_Your objective_
Below are the records; give again exactly the line with "cataractcoach.com — ruptured", the line with "First, we need", and each line that lies between them, and nothing besides.

Stored data:
*** Block opens ***

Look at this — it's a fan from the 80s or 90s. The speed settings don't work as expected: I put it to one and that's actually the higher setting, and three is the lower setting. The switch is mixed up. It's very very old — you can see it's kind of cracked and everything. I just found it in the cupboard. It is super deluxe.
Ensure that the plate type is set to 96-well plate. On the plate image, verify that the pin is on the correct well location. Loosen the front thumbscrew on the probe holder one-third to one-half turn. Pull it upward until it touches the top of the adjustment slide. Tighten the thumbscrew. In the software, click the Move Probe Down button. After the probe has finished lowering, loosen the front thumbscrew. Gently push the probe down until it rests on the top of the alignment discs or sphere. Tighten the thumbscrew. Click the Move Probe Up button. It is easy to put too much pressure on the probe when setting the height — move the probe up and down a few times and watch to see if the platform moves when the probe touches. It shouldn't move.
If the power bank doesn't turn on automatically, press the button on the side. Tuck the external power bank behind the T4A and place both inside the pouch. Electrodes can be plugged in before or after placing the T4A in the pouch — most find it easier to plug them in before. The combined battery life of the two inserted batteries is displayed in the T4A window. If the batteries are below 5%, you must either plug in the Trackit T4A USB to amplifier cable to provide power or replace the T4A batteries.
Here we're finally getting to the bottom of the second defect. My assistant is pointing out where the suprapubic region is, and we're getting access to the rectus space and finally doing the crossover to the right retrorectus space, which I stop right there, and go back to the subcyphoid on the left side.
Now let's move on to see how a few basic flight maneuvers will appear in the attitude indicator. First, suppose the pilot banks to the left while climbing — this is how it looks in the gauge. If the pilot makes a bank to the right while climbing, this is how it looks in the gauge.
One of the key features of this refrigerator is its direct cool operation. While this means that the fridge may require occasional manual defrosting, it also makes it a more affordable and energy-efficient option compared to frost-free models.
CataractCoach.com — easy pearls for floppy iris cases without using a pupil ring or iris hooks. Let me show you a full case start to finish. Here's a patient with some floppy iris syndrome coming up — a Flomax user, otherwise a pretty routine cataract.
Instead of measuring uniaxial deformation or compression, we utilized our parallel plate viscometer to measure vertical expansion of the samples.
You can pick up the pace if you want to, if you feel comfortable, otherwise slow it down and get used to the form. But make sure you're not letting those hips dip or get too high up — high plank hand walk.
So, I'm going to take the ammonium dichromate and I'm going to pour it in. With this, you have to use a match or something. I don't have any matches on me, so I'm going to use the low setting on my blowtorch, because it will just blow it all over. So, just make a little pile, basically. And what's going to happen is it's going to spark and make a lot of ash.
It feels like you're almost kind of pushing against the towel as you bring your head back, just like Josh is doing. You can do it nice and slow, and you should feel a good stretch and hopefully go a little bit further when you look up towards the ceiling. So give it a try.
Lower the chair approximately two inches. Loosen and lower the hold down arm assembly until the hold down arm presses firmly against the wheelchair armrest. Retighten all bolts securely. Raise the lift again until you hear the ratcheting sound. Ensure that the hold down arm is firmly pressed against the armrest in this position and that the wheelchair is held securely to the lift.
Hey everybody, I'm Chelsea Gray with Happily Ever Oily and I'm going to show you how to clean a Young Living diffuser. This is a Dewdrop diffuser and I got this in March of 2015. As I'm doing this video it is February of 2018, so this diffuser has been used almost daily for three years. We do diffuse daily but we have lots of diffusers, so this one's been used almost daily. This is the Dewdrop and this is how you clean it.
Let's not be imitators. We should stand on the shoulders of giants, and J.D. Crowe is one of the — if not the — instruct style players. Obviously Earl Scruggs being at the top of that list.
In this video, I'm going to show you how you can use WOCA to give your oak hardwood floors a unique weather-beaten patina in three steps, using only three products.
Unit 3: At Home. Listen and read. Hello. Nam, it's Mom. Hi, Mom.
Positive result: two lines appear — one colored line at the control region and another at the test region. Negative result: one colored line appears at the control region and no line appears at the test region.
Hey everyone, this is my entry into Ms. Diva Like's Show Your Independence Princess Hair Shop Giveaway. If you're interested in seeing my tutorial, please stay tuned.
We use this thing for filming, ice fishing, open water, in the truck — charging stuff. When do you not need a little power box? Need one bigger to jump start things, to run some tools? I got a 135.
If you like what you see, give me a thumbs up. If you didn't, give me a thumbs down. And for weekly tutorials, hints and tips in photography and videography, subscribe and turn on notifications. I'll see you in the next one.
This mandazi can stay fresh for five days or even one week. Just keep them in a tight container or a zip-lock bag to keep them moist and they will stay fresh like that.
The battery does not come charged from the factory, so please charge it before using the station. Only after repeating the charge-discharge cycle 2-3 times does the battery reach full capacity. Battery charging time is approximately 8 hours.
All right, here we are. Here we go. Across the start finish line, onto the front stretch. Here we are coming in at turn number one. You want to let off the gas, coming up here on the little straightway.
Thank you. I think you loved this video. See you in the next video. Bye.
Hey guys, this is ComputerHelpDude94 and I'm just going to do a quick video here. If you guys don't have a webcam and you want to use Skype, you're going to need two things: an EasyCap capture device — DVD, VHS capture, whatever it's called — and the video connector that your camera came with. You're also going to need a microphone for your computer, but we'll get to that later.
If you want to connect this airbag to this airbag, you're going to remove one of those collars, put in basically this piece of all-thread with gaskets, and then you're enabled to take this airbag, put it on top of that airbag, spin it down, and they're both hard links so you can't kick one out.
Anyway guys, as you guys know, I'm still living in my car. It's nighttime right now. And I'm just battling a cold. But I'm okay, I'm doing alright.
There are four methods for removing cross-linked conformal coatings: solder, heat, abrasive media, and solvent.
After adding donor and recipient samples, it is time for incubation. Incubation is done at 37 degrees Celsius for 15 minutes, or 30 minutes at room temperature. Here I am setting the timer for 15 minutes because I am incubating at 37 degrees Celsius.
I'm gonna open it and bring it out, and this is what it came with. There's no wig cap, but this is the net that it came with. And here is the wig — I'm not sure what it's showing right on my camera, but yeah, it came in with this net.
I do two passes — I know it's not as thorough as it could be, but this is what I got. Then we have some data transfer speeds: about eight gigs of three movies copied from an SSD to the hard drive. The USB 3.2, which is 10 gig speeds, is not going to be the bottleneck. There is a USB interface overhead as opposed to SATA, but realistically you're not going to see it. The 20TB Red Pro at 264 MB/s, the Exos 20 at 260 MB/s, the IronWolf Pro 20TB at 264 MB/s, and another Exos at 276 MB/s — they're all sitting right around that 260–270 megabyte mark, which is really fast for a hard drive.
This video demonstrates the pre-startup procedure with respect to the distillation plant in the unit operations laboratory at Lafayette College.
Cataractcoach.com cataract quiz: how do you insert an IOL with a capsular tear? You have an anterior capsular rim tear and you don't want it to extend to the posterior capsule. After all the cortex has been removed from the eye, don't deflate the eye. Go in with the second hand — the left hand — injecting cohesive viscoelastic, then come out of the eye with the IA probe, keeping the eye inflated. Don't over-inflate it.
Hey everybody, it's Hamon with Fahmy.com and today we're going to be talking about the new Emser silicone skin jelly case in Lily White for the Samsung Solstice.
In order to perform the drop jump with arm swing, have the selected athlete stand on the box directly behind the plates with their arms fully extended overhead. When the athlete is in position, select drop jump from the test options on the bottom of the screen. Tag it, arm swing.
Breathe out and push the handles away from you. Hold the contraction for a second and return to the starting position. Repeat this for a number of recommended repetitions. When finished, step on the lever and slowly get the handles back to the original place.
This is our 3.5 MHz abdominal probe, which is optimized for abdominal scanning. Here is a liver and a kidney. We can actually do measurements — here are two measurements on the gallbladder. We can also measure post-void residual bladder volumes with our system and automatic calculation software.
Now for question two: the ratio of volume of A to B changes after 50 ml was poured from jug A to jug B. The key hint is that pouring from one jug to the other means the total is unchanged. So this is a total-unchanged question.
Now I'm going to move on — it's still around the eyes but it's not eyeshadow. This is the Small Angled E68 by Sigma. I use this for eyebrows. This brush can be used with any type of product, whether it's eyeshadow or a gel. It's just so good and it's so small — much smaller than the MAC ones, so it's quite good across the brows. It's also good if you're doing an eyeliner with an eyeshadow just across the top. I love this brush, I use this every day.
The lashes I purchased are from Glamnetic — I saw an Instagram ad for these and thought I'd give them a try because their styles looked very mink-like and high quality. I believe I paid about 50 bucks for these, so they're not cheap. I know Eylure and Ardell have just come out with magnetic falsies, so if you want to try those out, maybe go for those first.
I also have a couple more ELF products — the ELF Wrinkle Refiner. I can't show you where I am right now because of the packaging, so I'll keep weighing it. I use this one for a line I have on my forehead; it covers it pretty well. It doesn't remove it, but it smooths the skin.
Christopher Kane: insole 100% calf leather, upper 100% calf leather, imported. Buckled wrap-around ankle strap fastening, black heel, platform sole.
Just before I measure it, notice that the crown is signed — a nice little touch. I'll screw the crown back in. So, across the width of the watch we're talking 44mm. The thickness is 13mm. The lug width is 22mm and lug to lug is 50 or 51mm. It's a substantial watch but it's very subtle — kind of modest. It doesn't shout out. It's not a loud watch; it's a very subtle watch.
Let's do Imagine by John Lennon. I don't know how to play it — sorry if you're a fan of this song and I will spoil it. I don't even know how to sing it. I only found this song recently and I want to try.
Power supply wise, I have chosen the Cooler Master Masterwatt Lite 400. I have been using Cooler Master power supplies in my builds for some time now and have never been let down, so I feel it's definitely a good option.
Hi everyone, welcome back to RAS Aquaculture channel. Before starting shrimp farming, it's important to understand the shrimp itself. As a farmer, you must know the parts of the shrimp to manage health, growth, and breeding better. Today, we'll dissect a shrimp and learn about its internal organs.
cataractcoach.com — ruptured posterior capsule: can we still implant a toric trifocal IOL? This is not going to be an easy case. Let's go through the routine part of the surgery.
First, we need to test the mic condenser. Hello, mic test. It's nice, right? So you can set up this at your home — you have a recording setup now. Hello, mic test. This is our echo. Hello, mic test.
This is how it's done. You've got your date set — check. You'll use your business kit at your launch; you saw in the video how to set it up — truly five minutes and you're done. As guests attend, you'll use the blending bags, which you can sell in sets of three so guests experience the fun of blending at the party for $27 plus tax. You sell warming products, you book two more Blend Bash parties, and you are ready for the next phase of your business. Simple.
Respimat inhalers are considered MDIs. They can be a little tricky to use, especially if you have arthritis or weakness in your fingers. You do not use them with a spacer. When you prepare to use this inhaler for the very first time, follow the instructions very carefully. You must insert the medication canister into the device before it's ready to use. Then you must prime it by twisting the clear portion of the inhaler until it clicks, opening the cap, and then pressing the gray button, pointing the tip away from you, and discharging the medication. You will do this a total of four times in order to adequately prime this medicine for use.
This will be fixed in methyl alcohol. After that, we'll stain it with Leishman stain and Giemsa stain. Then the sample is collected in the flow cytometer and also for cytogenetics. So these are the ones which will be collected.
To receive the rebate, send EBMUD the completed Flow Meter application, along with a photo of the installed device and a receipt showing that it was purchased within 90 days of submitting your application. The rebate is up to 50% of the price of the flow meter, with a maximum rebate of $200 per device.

*** Block closes ***

_Your solution_
cataractcoach.com — ruptured posterior capsule: can we still implant a toric trifocal IOL? This is not going to be an easy case. Let's go through the routine part of the surgery.
First, we need to test the mic condenser. Hello, mic test. It's nice, right? So you can set up this at your home — you have a recording setup now. Hello, mic test. This is our echo. Hello, mic test.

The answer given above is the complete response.